The latest “whoa moment” for me as a parent is watching my boys form their own bond.
“This is our first child,” we used to croon. “Yes, and this over here is our second child. Lovely aren’t they?” was the rhetorical question we asked at that point. That was because it all made sense back then. We had an older child and we had a younger child. One was in diapers, one wasn’t. One talked, one didn’t. Sense; the world made sense.
Then it all changed. Tolerating each other became negotiating with each other seemingly overnight. In case you were wondering, no, this is not a good thing. Not for my sanity at least.
If you are a loyal reader and familiar with my kids, you know that they are very different. As individuals, my wife and I pretty much have them figured out and can tell ourselves with confidence that we are in control, but now that they are joining forces… well, that’s a game changer.
The little one actually changed the rules. Nobody else.
Whatever the history of the Marmo family may end up being, no matter which one of us ends up leaving the most significant mark on this world, let it be known here and now that the little one forever changed the equation. The oldest one set the table, but the youngest one ripped the table cloth right out from under all of the cups and plates and utensils and sent everything crashing to the floor.
What exactly did he do to change the rules? Pretty simple, he basically decided one day that he was into his older brother. Once a mere inconvenience and stealer of toys, his older brother is now seen as a role model and constant source of entertainment. In case you didn’t get the memo, if you want to fan the flames of a 4-year-old’s ego, just pay attention to him. Big bro provides the entertainment, and his little cohort, in return, provides validation for silly noises and made up words.

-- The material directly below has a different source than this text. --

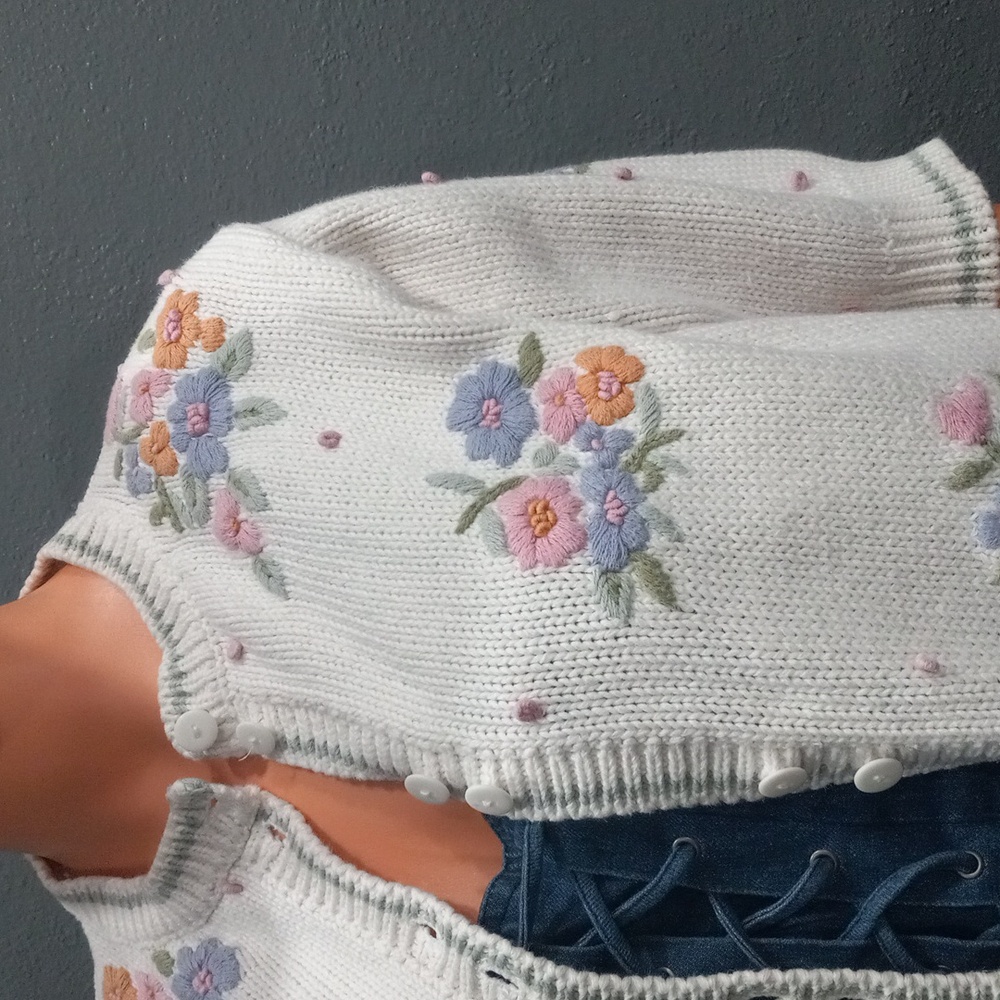 Jennifer Reed Floral Embroidered Sweater - Picture 5 of 14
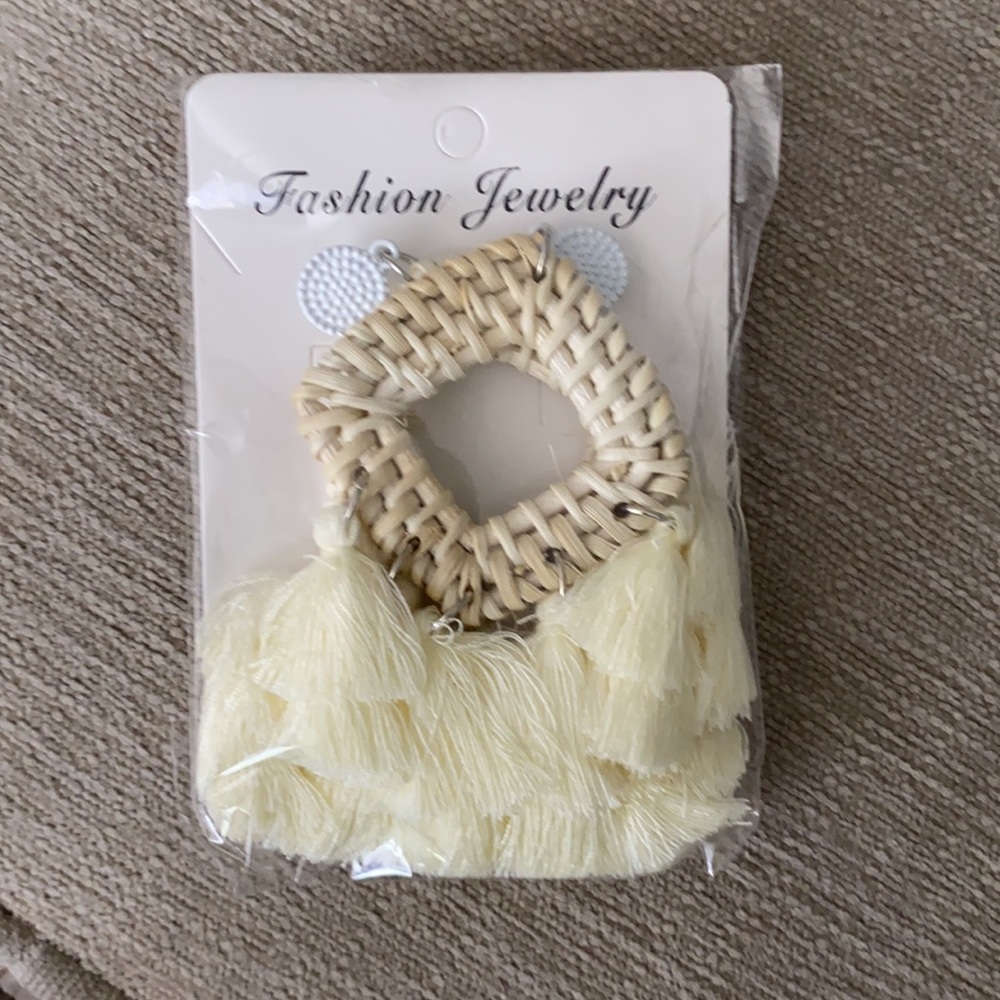 Boho Rattan Tassel Earrings NWT - Picture 2 of 3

But, don’t let the previous words fool you.
The oldest one is, and always will be, in charge. The youngest may have changed the equation, but he’s not the one who determines the laws of relativity in our household. That, my friends, is dictated by the 4-year-old. I used to call them “Pinky and the Brain” after one of my favorite cartoons, referring to the smarts of my first born and the general pinkish hue of the baby, but that has changed. Does anyone know if there is a cartoon called, “The Brain and the Train?”
But I digress and will get back to the original problem – they are now in cahoots. The oldest used to tolerate the little one and deal with him because he was “that other son in the household,” but now it’s a full blown partnership. If I could be honest, I think the heart of the problem is that they genuinely like each other.
And now they are working together?
The thought is scary, but it’s real. Fighting over toys has amazingly turned into playing together with toys. The little daredevil standing up on the train table, something never even fathomed before he arrived, now means both of them standing up on the train table. Sitting up on the coffee table for one, you guessed it, means sitting up on the coffee table for two.
They actually figured it out. They bonded and are now potentially unstoppable.
Except they forgot about one small thing – their parents. If we are good at one thing, it’s bombarding our children with discipline. There is nothing in the world I love more than their new bond, and while they will definitely be a force to be reckoned with in the coming years, they are simply no match for their mother and I.
The fact is, we enforce the rules. But fortunately for them, our rules are not that hard.
First rule – Always love and respect each other.
Second rule – Always love and respect your parents.
Third rule – Belly laugh often.
Fourth rule – Get down from whatever you are standing on.